Non siamo gente che si affeziona, per spiegarci, né pensiamo che le persone nn siano sostituibili essendo i cimiteri strapieni di gente che si riteneva (e ritenuta) indispensabile, quindi non è per amore di Enrico Letta che stiamo scrivendo questo commento mentre Stefano Bonaccini scalda i motori pronto a diventare il segretario PD più scomodo della storia recente del partito, tuttavia i giudizi su Letta sono ingenerosi. E ciechi.

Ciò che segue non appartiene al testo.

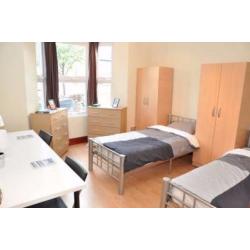 Twin Beds in 3 Rooms in Spacious House With Patio Near Leytonstone Tube Station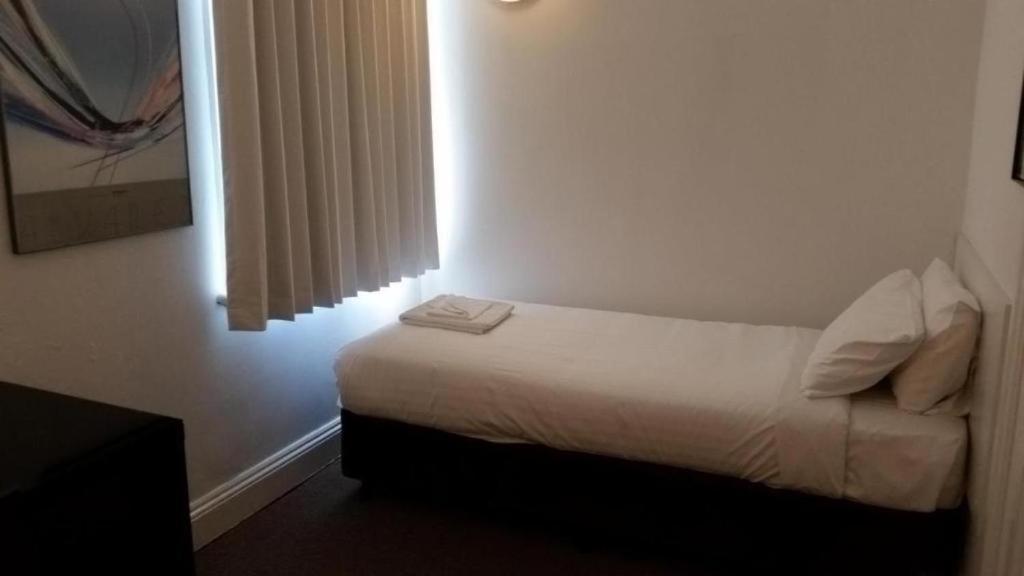 Wallaby Backpackers Hostel Perth - Note - Valid Passport Required To Check In - Kültér fotó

Succede che Letta abbia cercato, attraverso una campagna elettorale considerata sbagliata da tutti i media che presumono di progressismo, soprattutto da quelli e non sappiamo quanto casualmente, di risvegliare un sano antifascismo, un necessario no alle nuove autarchie, un niente affatto inutile no a una Meloni ipersovranista il cui asse politico parte da Orbán e finisce agli spagnoli di Vox passando attraverso tutti i sovranismi d’Europa. E questo sembra essere sbagliato.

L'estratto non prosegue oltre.